━━━━━ Given data ━━━━━

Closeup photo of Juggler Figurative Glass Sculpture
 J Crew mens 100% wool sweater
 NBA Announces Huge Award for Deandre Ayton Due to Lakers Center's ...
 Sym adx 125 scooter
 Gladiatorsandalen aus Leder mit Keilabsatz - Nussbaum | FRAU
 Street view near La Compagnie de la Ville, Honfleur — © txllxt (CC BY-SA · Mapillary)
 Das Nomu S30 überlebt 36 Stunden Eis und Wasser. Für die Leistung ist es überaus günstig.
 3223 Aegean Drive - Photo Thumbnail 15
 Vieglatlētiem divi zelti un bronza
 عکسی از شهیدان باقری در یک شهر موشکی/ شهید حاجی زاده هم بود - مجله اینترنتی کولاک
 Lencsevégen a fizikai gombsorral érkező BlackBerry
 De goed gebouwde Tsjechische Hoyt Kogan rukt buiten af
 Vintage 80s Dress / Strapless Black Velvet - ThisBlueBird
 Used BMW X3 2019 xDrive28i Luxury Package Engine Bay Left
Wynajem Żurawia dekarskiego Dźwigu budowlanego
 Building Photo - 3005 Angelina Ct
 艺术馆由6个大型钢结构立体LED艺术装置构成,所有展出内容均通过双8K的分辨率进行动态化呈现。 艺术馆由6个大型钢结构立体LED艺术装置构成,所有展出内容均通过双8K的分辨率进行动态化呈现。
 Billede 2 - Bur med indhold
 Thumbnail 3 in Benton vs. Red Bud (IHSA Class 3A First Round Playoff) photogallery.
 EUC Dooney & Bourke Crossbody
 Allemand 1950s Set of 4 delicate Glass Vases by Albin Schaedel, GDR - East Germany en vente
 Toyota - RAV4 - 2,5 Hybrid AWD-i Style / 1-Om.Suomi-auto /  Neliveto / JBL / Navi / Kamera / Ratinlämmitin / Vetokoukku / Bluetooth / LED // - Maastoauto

━━━━━

• Assignment:
Filter the data above by the word "Thumbnail" and copy every line that matches.

• Your response:
 3223 Aegean Drive - Photo Thumbnail 15
 Thumbnail 3 in Benton vs. Red Bud (IHSA Class 3A First Round Playoff) photogallery.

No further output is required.